## Assignment
In the records below, the lines between the one holding "Vakantieappartement voor 4" and the one holding "Two Suns Apartament Sarandë エクステリア 写真", inclusive, are to be transcribed exactly; no pictures are to be included.

Material supplied below:

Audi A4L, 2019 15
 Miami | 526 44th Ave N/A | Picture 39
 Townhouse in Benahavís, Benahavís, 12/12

End of Material supplied.
Material supplied below:

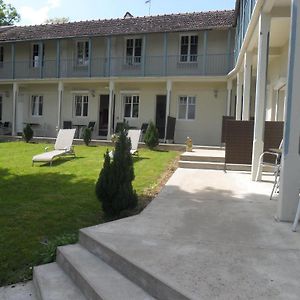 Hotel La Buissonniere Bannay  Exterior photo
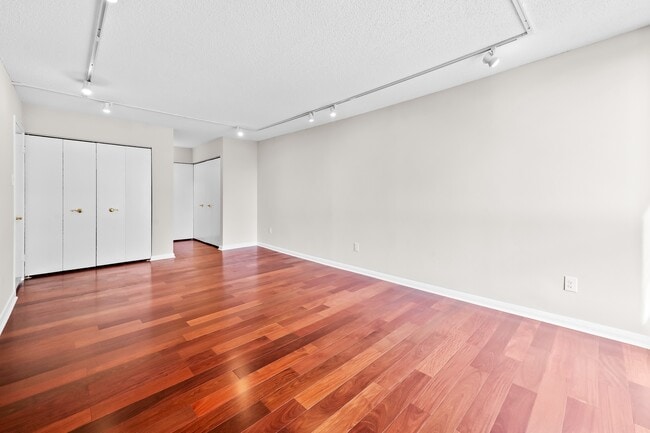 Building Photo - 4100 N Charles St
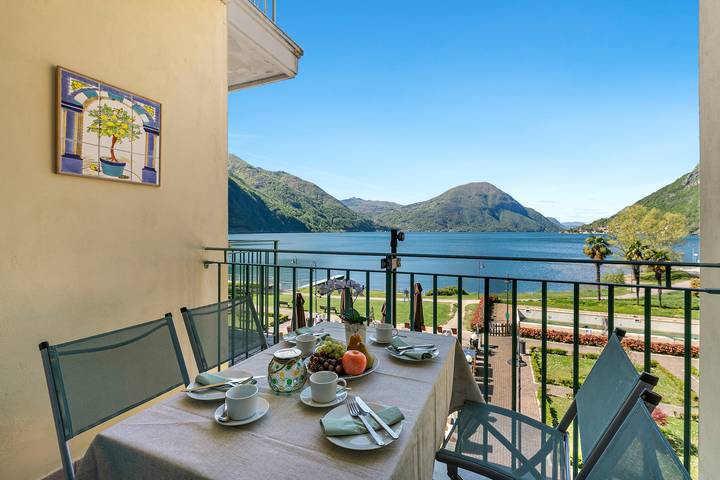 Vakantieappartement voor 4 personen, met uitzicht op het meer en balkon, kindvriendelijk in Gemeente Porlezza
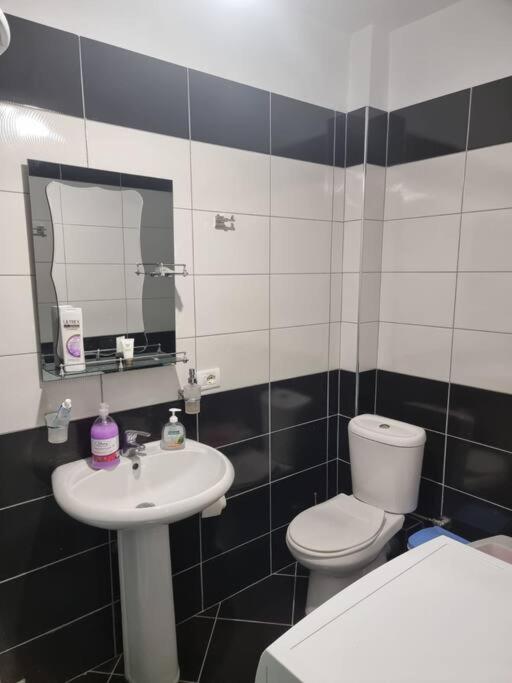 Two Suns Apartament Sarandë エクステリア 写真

End of Material supplied.
Material supplied below:

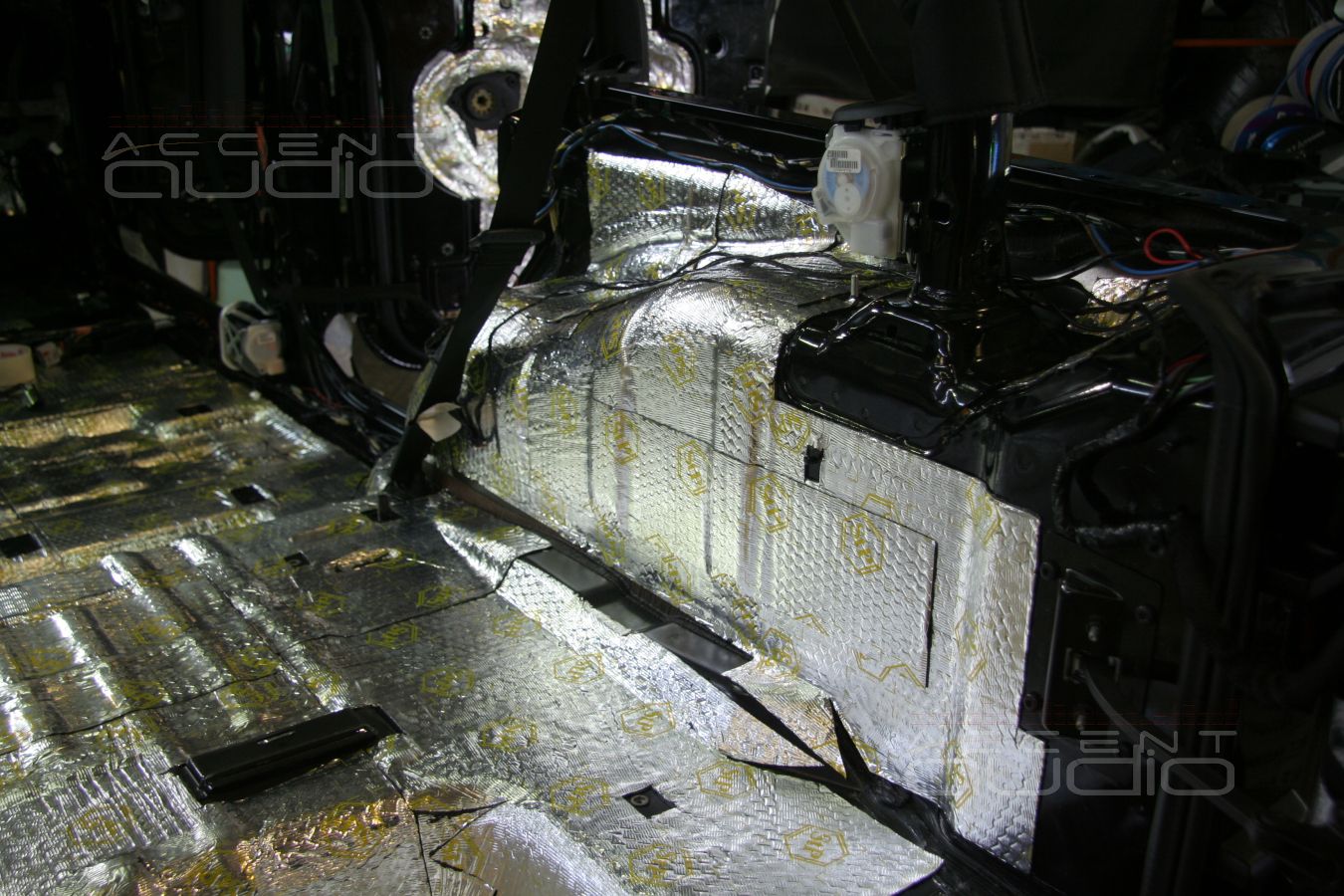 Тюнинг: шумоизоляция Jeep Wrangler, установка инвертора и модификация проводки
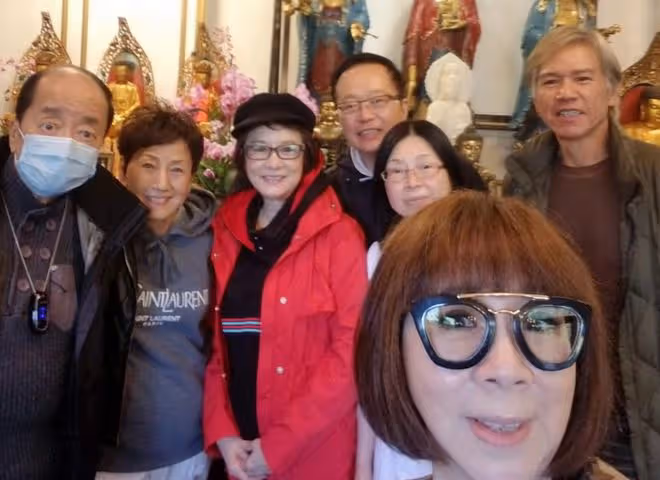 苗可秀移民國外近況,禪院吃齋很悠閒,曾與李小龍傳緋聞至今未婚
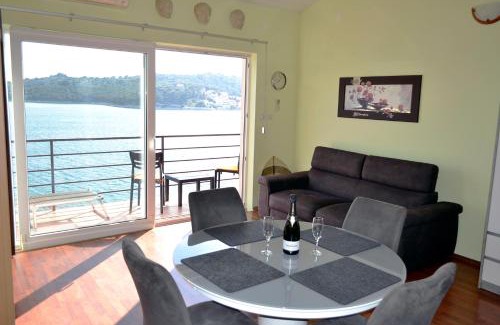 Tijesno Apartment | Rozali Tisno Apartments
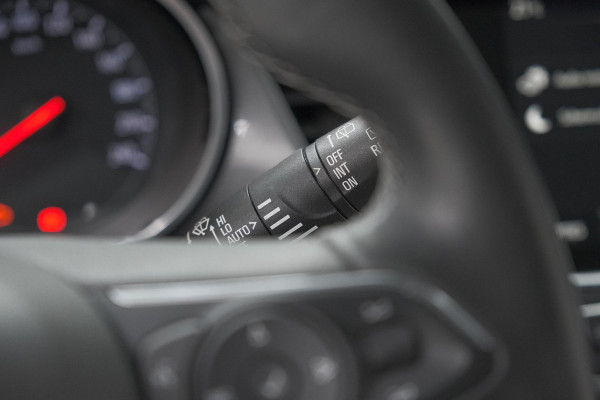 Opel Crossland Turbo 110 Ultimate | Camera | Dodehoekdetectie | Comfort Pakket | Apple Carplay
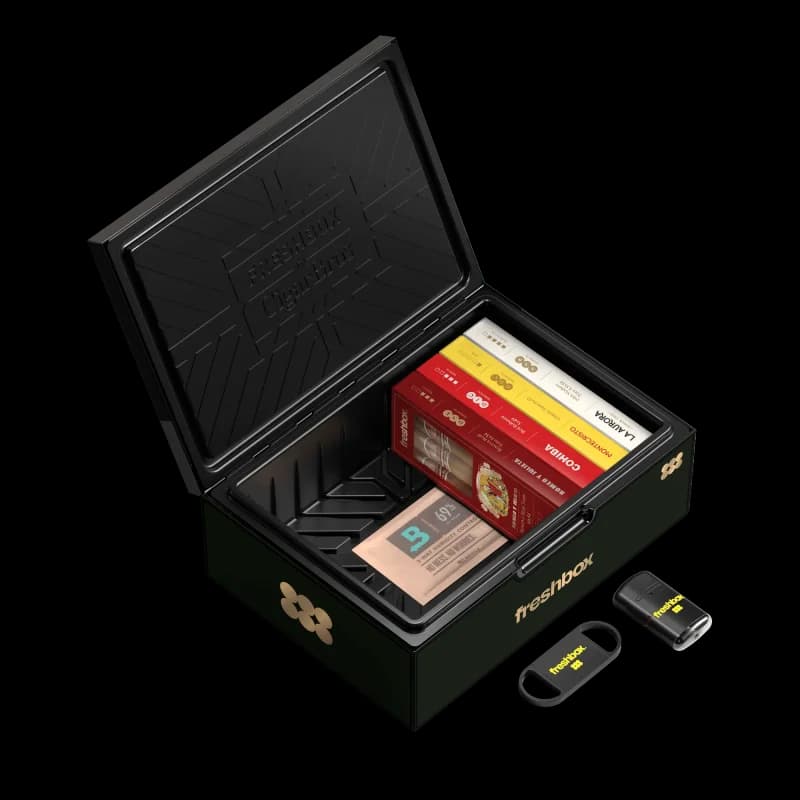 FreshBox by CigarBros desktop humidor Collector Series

End of Material supplied.

## Task output
 Vakantieappartement voor 4 personen, met uitzicht op het meer en balkon, kindvriendelijk in Gemeente Porlezza
 Two Suns Apartament Sarandë エクステリア 写真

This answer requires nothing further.